For this exercise, repeat exactly the lines below starting at the line holding "1-55_The-Lilies_picture-crop" and ending at the line holding "UGREEN 6957303814022 10402", both included, with no extra lines and no pictures.
Segment Start: Source information
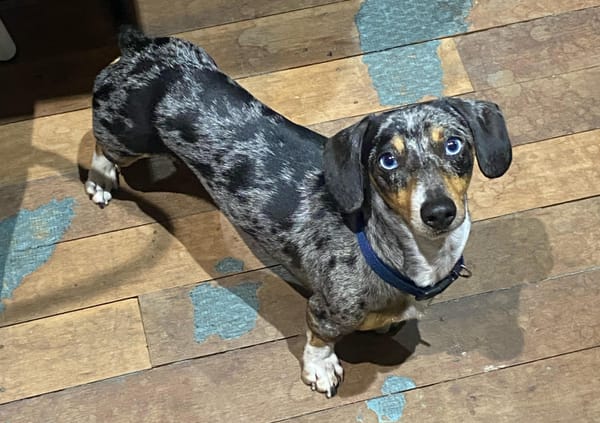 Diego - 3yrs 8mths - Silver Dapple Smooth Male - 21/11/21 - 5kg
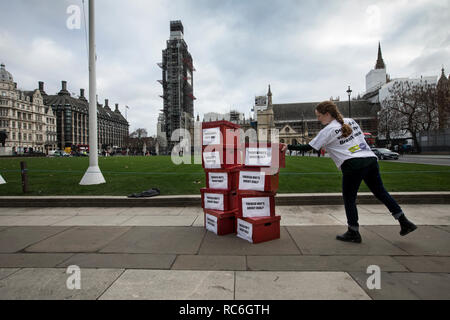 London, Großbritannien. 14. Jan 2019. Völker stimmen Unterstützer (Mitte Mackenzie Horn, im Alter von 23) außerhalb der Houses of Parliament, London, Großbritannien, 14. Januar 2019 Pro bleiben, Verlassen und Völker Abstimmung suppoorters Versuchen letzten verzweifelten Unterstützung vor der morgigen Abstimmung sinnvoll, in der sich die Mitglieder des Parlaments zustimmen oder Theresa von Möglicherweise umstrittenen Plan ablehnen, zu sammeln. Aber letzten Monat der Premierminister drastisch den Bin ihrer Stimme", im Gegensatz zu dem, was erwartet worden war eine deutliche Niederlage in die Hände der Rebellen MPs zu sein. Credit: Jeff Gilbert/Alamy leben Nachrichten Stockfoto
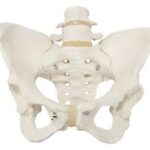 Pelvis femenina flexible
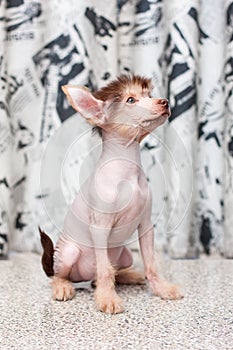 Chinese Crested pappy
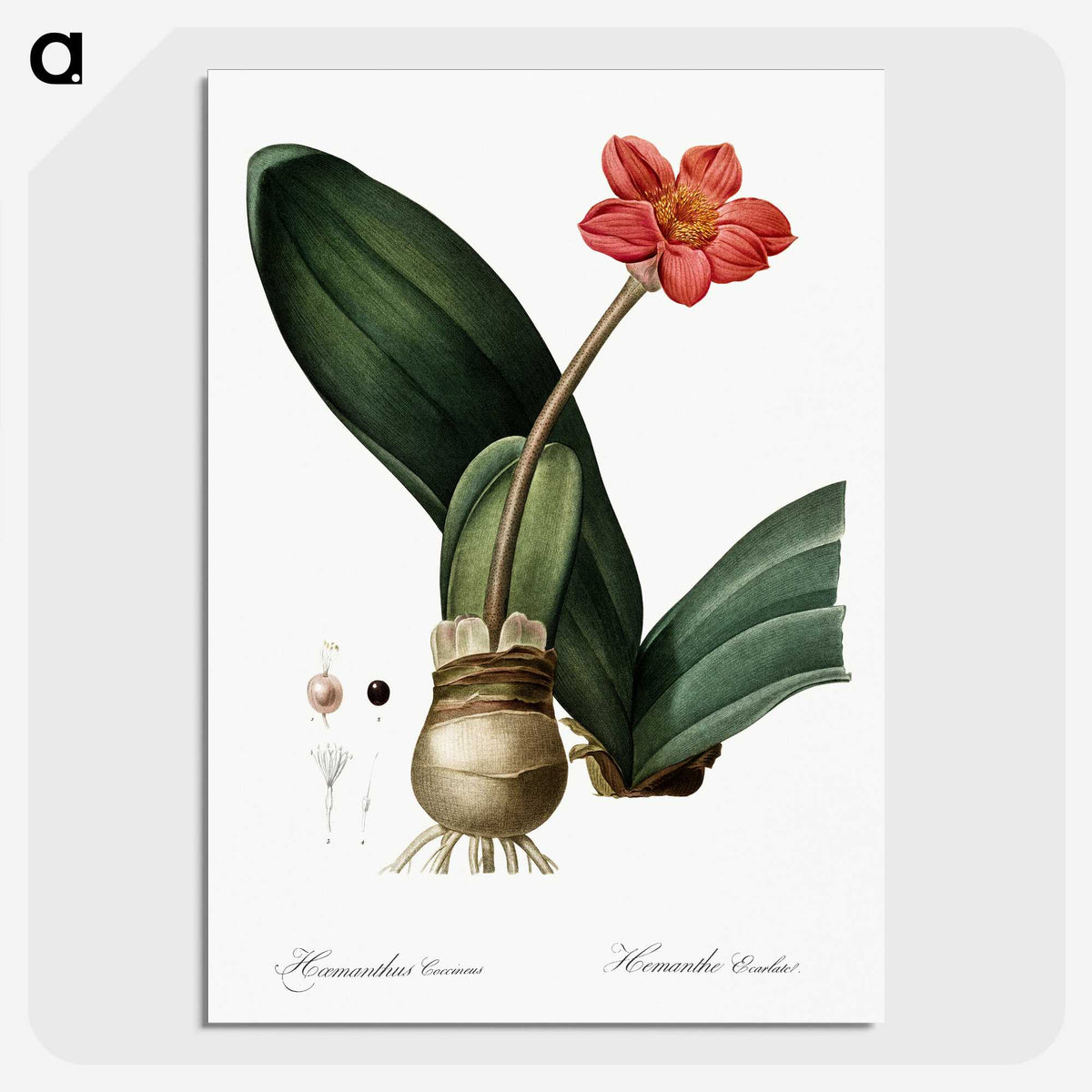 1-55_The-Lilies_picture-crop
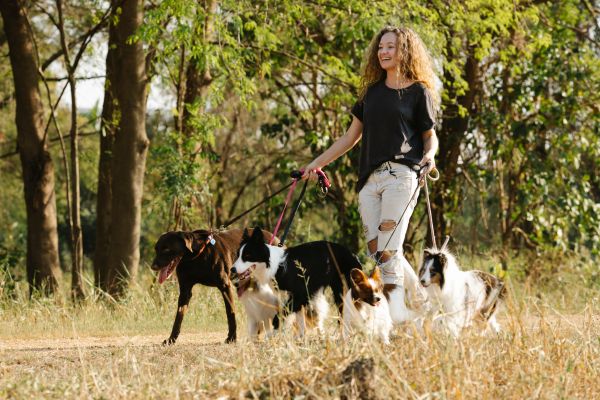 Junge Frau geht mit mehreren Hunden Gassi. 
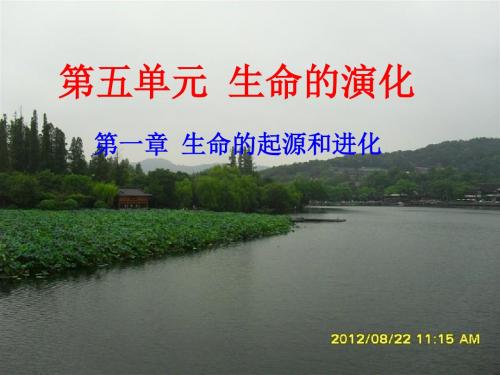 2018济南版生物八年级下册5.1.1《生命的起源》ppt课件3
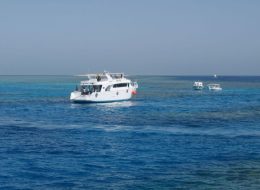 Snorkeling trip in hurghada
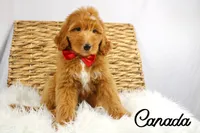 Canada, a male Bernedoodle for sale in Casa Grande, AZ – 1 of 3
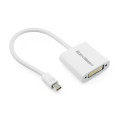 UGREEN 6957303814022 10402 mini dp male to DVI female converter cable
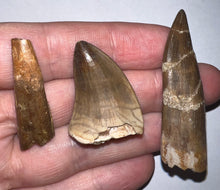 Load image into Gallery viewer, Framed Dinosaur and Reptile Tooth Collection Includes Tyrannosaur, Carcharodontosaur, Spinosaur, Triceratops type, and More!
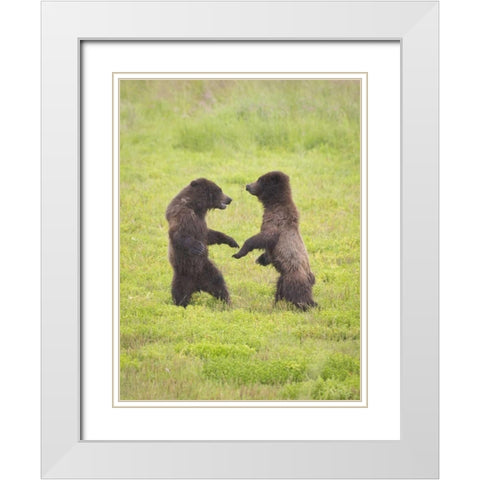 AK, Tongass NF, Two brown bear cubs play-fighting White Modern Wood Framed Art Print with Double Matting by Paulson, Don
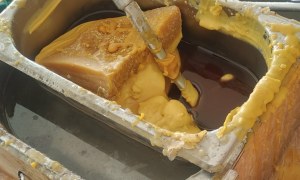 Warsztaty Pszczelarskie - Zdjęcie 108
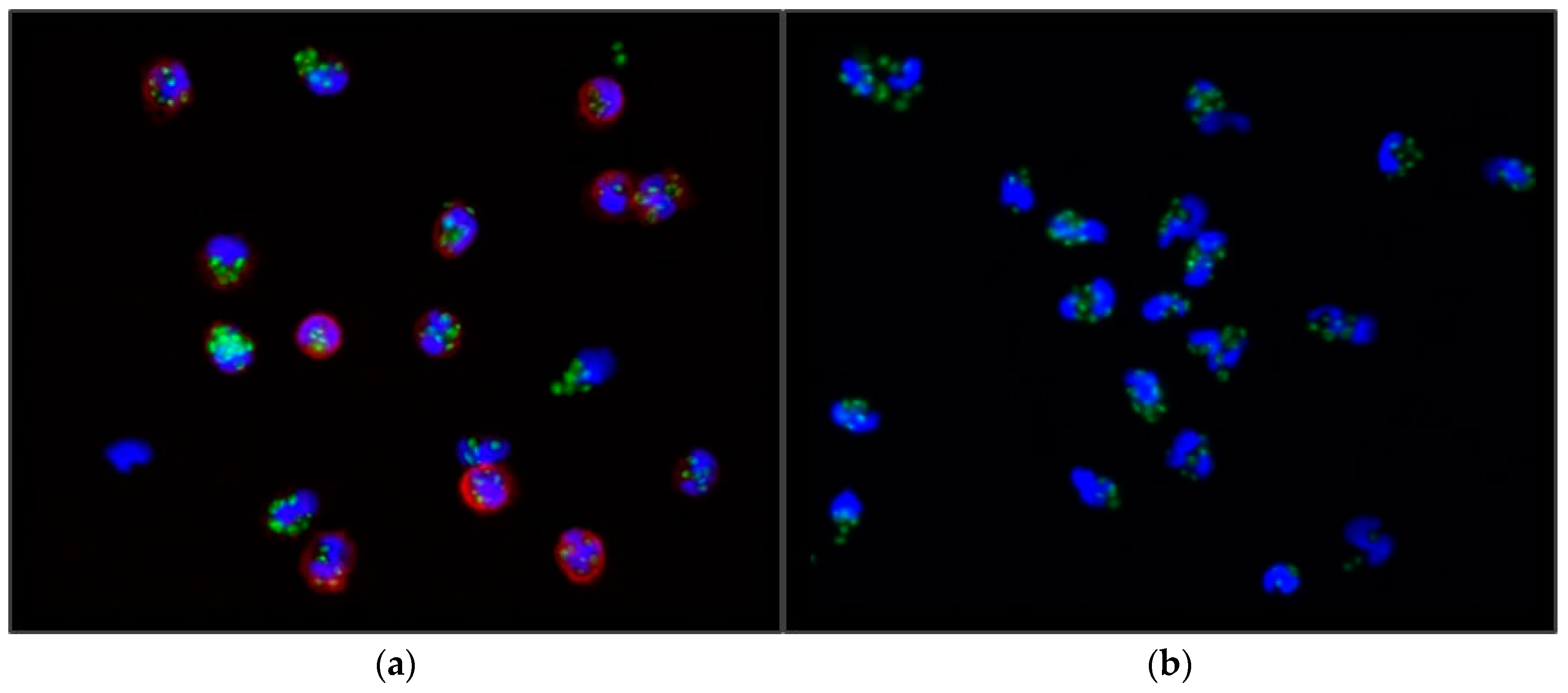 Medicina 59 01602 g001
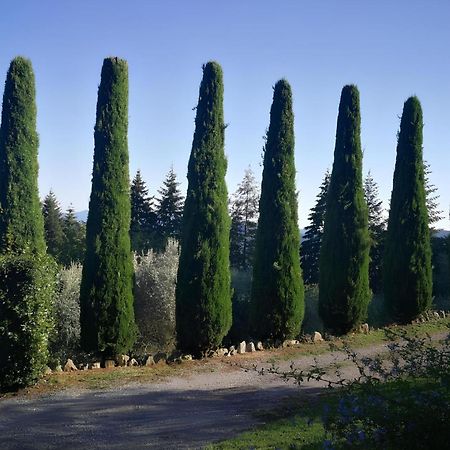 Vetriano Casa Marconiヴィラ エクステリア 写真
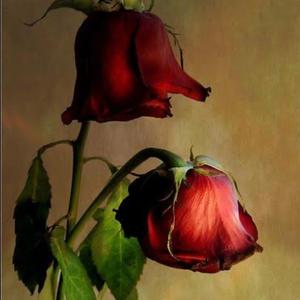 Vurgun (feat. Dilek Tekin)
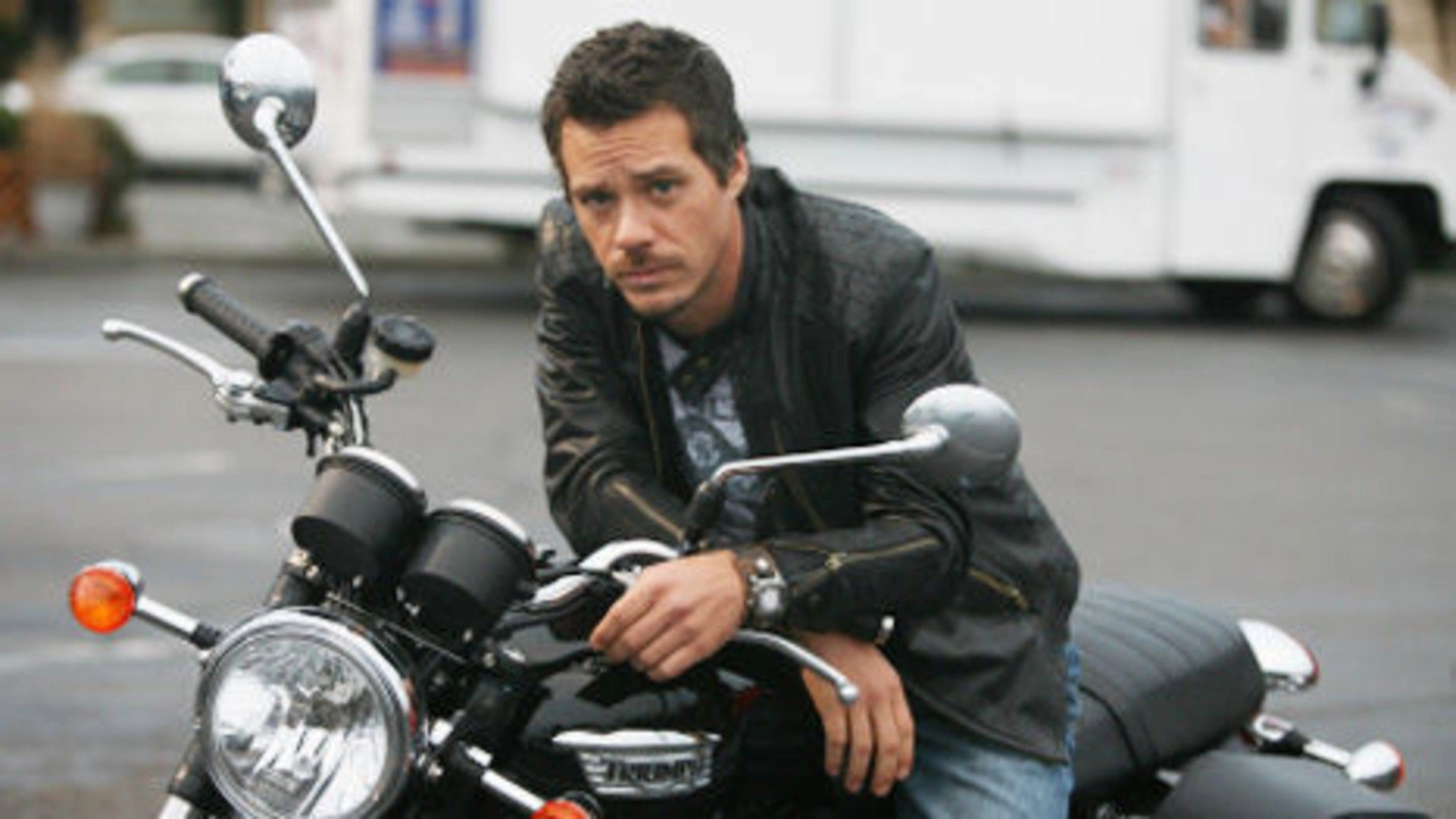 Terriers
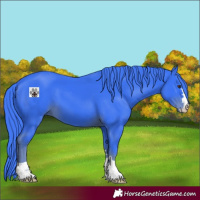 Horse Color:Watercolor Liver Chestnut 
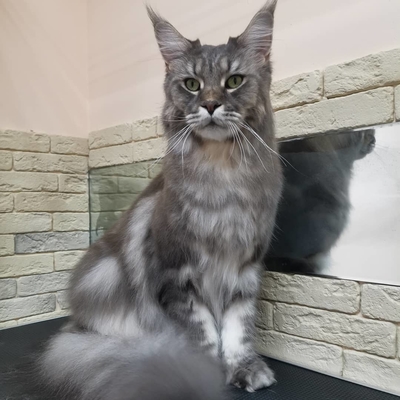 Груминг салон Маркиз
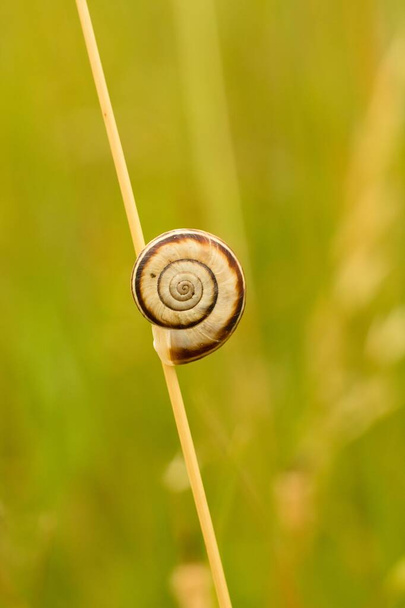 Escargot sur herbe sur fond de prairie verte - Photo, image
Segment End: Source information
> **The answer**
 1-55_The-Lilies_picture-crop
 Junge Frau geht mit mehreren Hunden Gassi. 
 2018济南版生物八年级下册5.1.1《生命的起源》ppt课件3
 Snorkeling trip in hurghada
 Canada, a male Bernedoodle for sale in Casa Grande, AZ – 1 of 3
 UGREEN 6957303814022 10402 mini dp male to DVI female converter cable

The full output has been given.